With the fourteenth embodiment, in the edit processing memory unit, image processing instructions are entered from an input device, such as a keyboard. The order of entering the instructions is stored. When a plural number of resemblance image processing instructions, which may be integrated, are stored in the edit processing memory unit, the edit processing altering unit integrates those image processing instructions into a single image processing instruction. For example, a plural number of resolution conversion instructions are integrated into a single resolution instruction.

Since the plural number of resemblance instructions are thus integrated into a single instruction by the edit processing altering unit, the processing speed is increased as a whole.

With the fifteenth embodiment, in the edit processing memory unit, image processing instructions are entered from an input device, such as a keyboard. When a plural number of magnification instructions are stored in said edit processing memory unit, said edit processing altering unit integrates the magnification instructions into a single magnification instruction.

Since the plural number of magnification instructions are thus integrated into a single magnification instruction by the edit processing altering unit, the processing speed is increased.

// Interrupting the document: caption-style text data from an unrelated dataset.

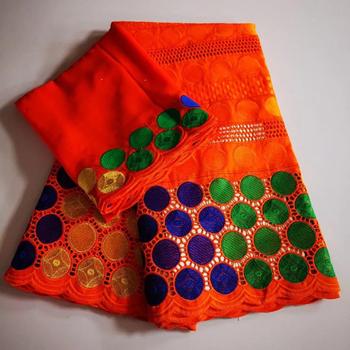 2020 Dry Lace 5+2 Yards Special Embroidery Cotton Stones Fabrics African Women Jacquard Cotton Swiss Voile Laces in Switzerland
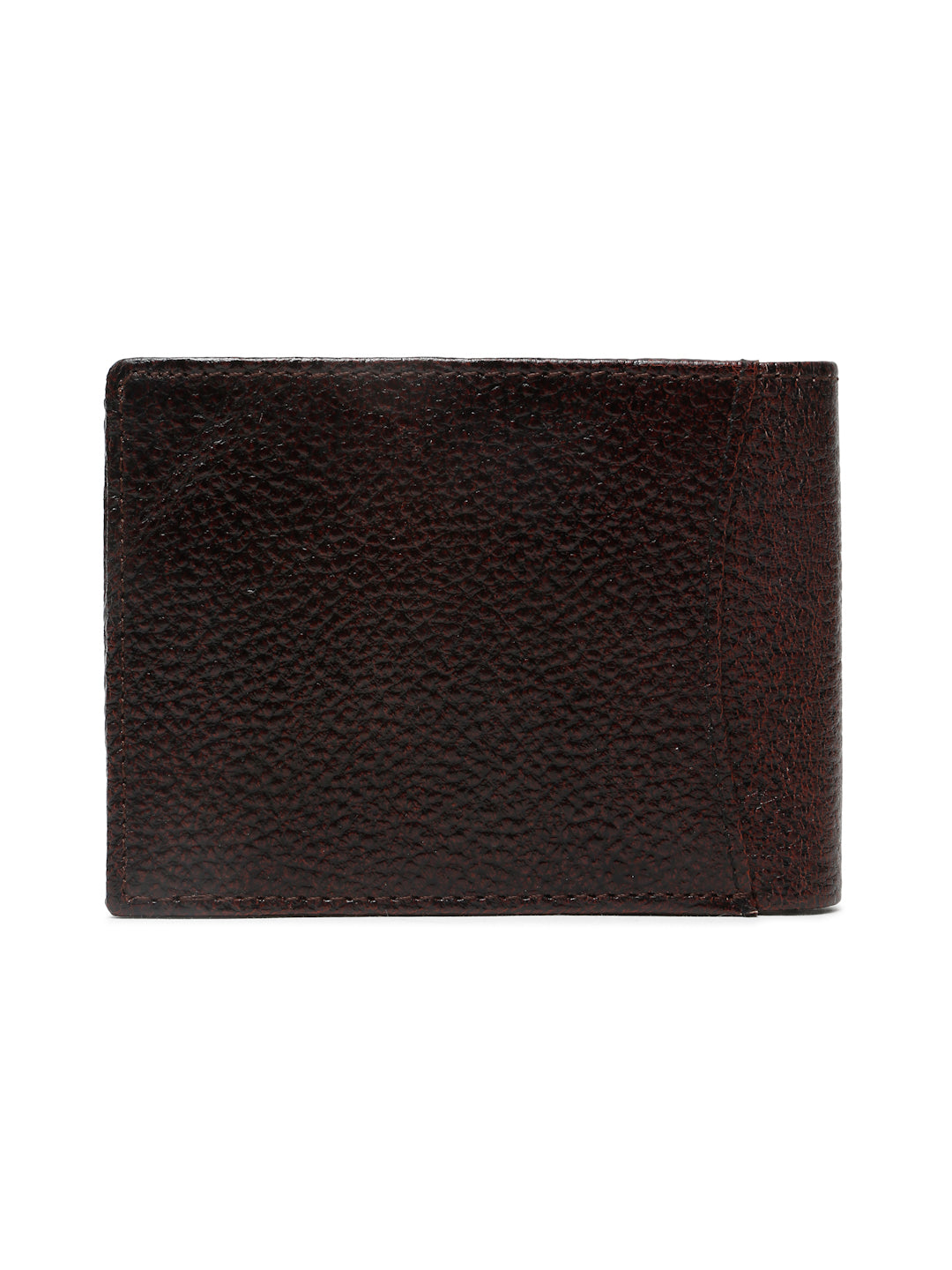 KOSHER D.Brown Color Men,s Classic Bi-Fold Premium Leather Wallet with Coin Pocket & Rear Slip Pocket For Card Slots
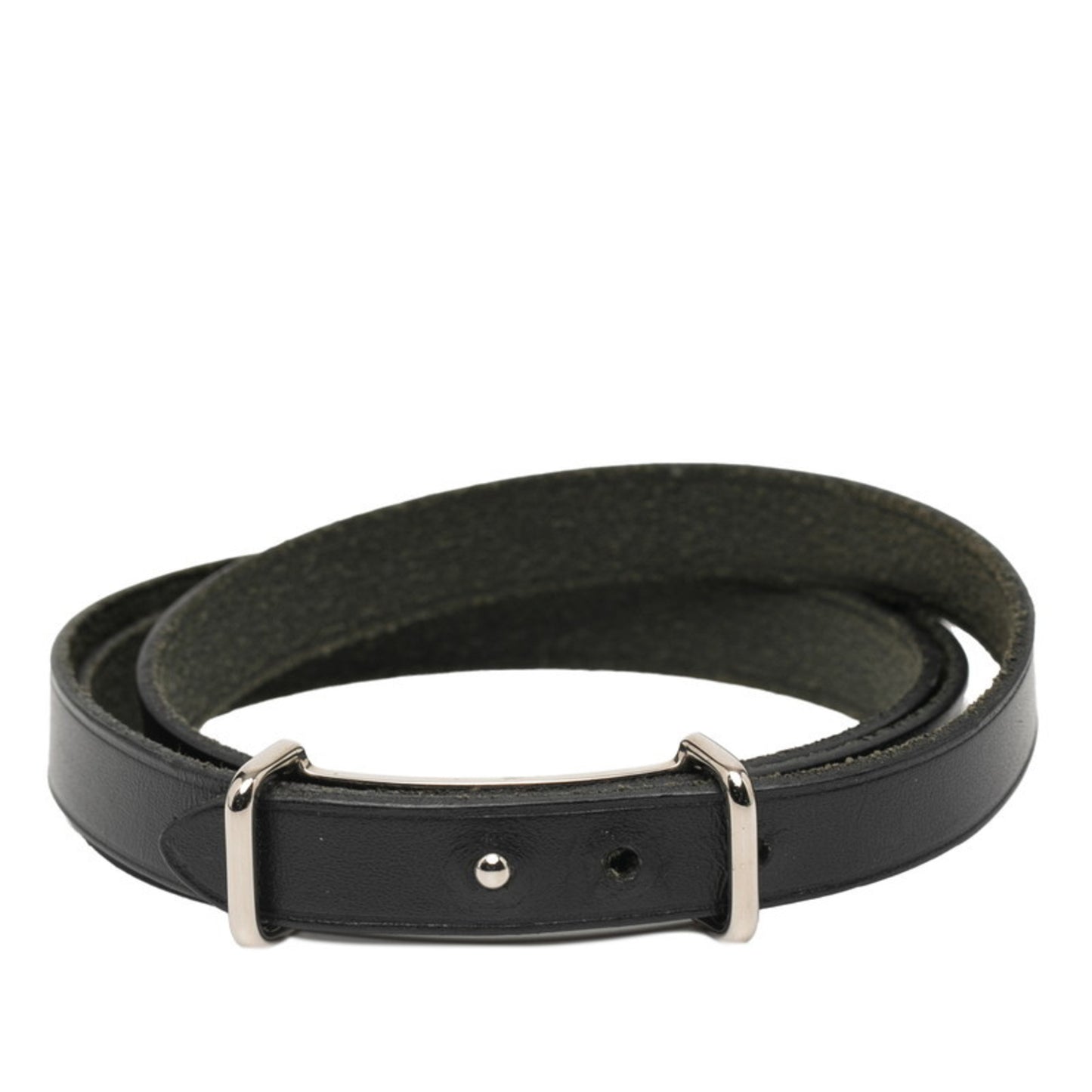 Hermes Herms Api 2 Long Bracelet In Black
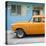 Cuba Fuerte Collection SQ - Vintage Cuban Orange Car-Philippe Hugonnard-Stretched Canvas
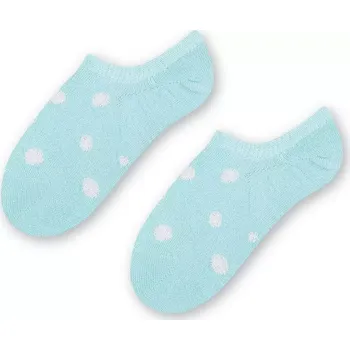 Dámské punčochy Dětské ponožky Bamboo Silver dots - 29-31 / mentolová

With the sixteenth embodiment, in the edit processing memory unit, image processing instructions are entered from an input device, such as a keyboard. The characteristics of an input image, such as tone, color space, and constituent elements, are entered referring to the image memory unit. According to the image processing instructions and the characteristics of the input image, which are stored in the edit processing memory unit, the edit processing altering unit alters the image processing instructions stored in the edit processing memory unit so that the image processing instructions are not executed, when the processing result remains unchanged if the processings are not executed. For example, when an image of 100 dots×100 dots is vertically and horizontally reduced into an image 1/100 as large as the original one, the size of the output image is 1 dot×1 dot. Accordingly, the same results are obtained irrespective of the subsequent convolution filtering of the image data. In such a case, the edit processing altering unit alters the processing procedure so that the convolution filtering processing is not performed.

As described above, the respective edit processings and the order of executing the edit processings, which are stored in the edit processing memory unit, are altered, so that the edit processing for the image can be efficiently executed.

BRIEF DESCRIPTION OF THE DRAWINGS

In the accompanying drawings, which are incorporated in and constitute a part of this specification, illustrate embodiments of the invention and, together with the description, serve to explain the objects, advantages and principles of the invention. In the accompanying drawings:

FIG. 1 is a block diagram showing an embodiment of an image edit processing apparatus according to the present invention;

FIG. 2 is a flow chart showing a flow of procedural operations of an edit processing altering unit in the embodiment of the present invention;

FIGS. 3(a), 3(b), and 3(c) are each diagrams showing an example of the operation to alter the edit processing in accordance with the tone of the output device in the embodiment of the present invention;

FIG. 4 is a flow chart showing a flow of procedural operation of an image edit processing apparatus according to another embodiment of the present invention.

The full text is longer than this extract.